In the Senate, Mitch McConnell (R-Ky.) is attempting to straddle the line between approving of the plan hatched by some of his colleagues to force the defunding of Obamacare with a government shutdown threat, and supporting colleagues who have deemed that plan politically dangerous. And on YouTube, there's Matt Bevin:
Bevin aligning himself with Sens. Ted Cruz (R-Texas), Mike Lee (R-Utah), and Rand Paul (R-Ky.) are the easy points on the board to pick up. There's a little clever fudging, however, over Bevin's demand to "start voting in the U.S. Senate to kill it by defunding it."
How, exactly, would McConnell do that? At the moment, support for Lee's plan to stage a government shutdown over the matter has only waned. McConnell's position on the matter is the more realistic talking point that some of his colleagues have also voiced: “I’m for stopping Obamacare, but shutting down the government will not stop Obamacare.” And the new, new thing in conservative circles isn't "defunding" Obamacare, it's "delaying" Obamacare. It's also essentially a non-starter.

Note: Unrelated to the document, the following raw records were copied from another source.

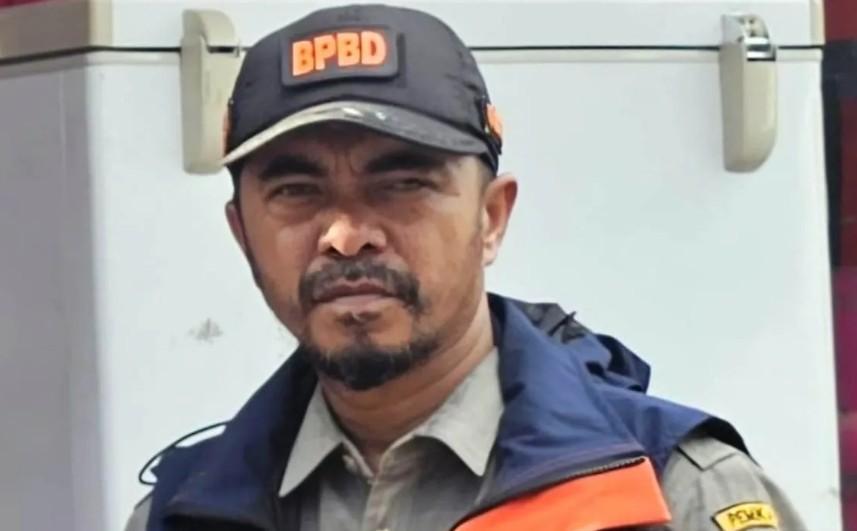 Pemerintah Aceh Barat Pastikan 49 Hunian Tetap Siap Dibangun untuk Warga Terdampak Bencana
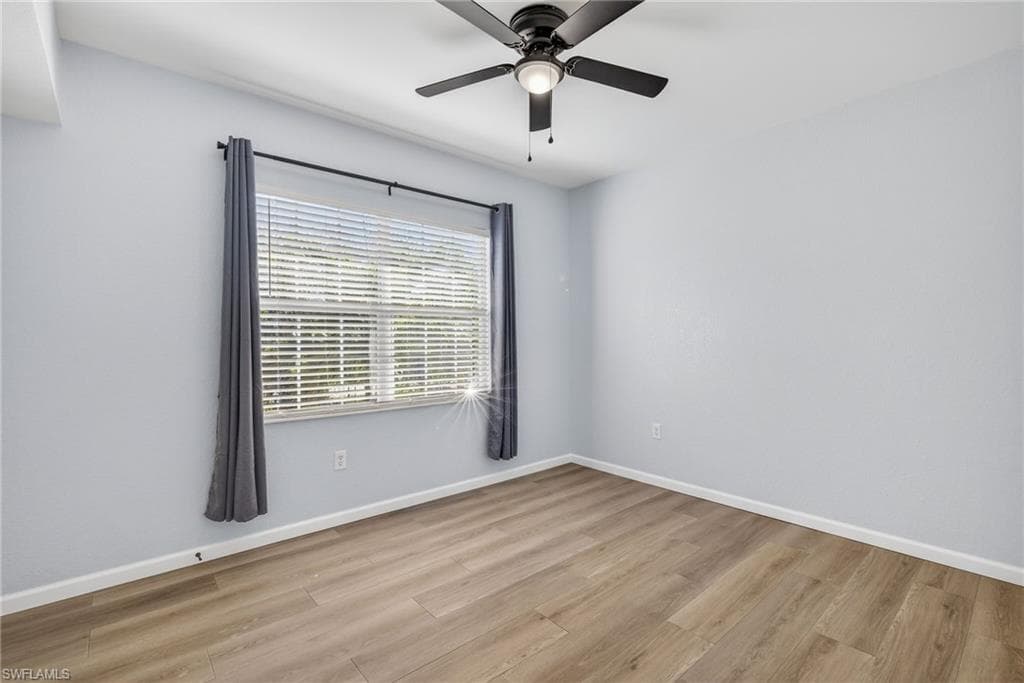 15585 Ocean Walk CIR # 215, FORT MYERS FL 33908-11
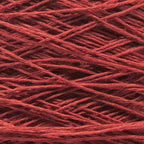 Frescolino 4200 – 100% Linen Fingering yarn by Filati Venezia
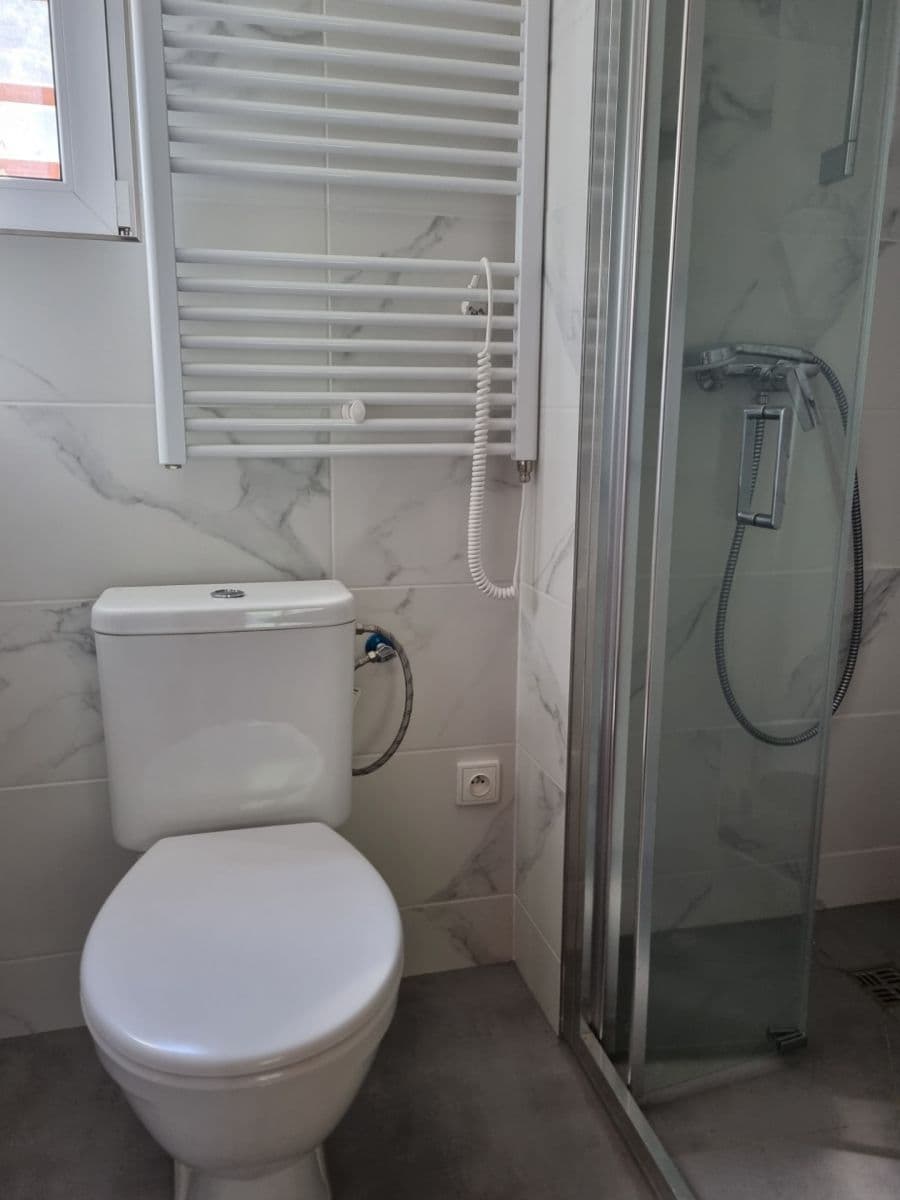 Prodej pozemku 481 m², Praha, Praha Prodej pozemku 481 m², Praha, Praha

Now, could McConnell stand on his head or wave his arms around or cloak himself in fire and yawp about how much he hates Obamacare? Sure. But practically speaking, if you swapped in Bevin for McConnell right now, he'd be one more potential joiner in an effort to stage a government shutdown that doesn't have a lot of support and won't accomplish much.

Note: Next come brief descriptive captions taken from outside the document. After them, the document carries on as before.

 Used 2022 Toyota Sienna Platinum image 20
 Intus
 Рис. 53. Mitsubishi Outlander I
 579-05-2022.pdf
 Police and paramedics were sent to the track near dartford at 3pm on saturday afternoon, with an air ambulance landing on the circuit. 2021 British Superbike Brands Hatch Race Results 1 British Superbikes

But let's face it, this isn't about practicality, this is about flexing partisan muscles. Bevin is free to do so and McConnell is stuck, at least for now. As Greg Sargent notes:
At some point, McConnell will probably have to take a position on this dispute. Presumably, McConnell knows the idea is dangerous and insane, as GOP leaders seem to have concluded on the House side (which is why they are furiously sending out signals that the idea is a nonstarter, while mostly refraining from saying so on the record). McConnell is facing a primary challenge, and conservative groups are standing by without taking sides, tacitly threatening to back McConnell’s challenger if he proves himself to be weak-kneed in the coming confrontations this fall. So McConnell will probably try to refrain from taking a stand in the argument until he absolutely has to.

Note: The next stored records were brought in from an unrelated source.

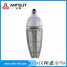 2016 Newest design 360 degree LED corn bulb light 30w 40w 50w LED corn light ava ()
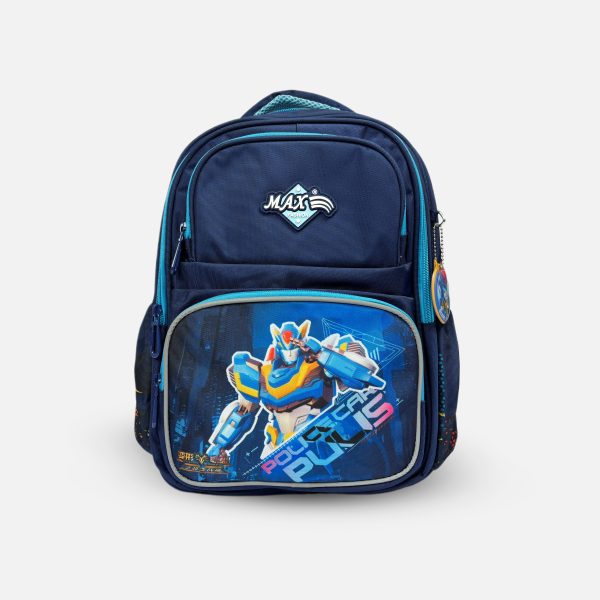 max m 4260 laptop backpack bag (copy)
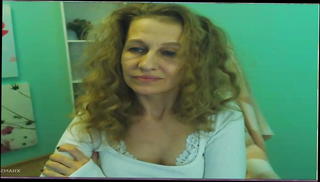 Video 1186823901: milf, webcam straight, webcam blonde mature, webcam hd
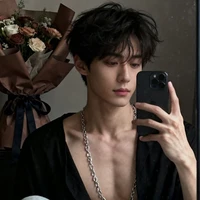 Phạm Nhật Long (bạn na9)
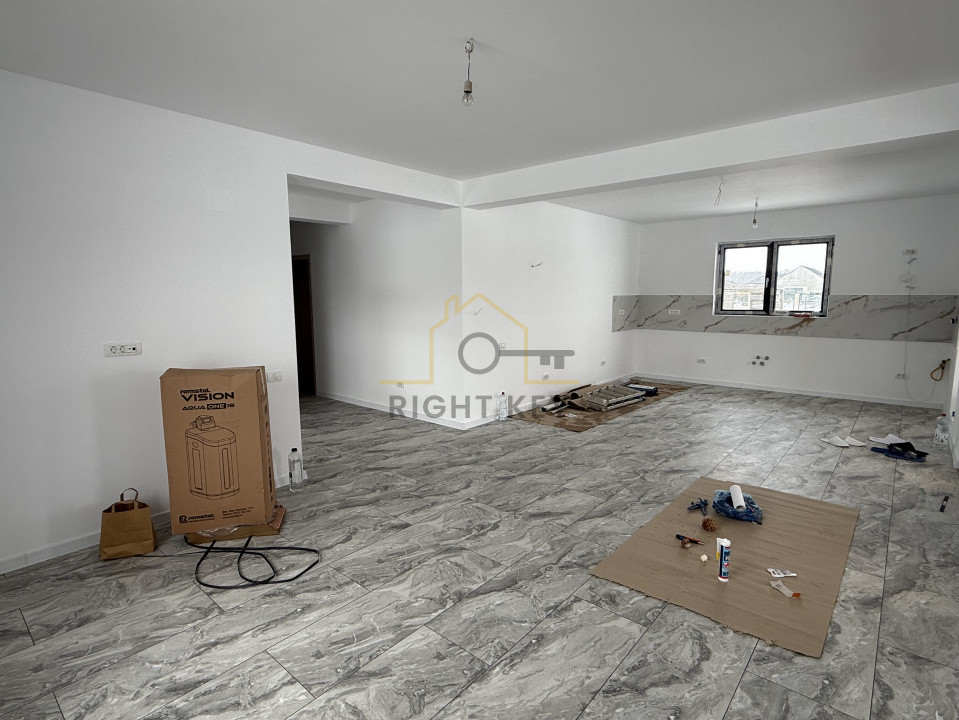 Casa P+Pod+placa, 4 cam, garaj, T: 596mp, Eden Forest! Comision 0%!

Of course, the real madness comes later, when Obamacare gets knit up in the next round of Debt Ceiling Apocalypto, which Jonathan Chait has detailed. By the way, as Katrina Trinko reported, Bevin plans to attack McConnell by pointing out "how, over the past 13 years, he has nine times voted to hike the debt ceiling." That's dating back to the period when the debt ceiling was raised because everyone recognized it as the responsible thing to do. Bevin is the type who flat out doesn't believe that courting -- or even causing -- a default is a bad thing. He, unlike McConnell, has that luxury.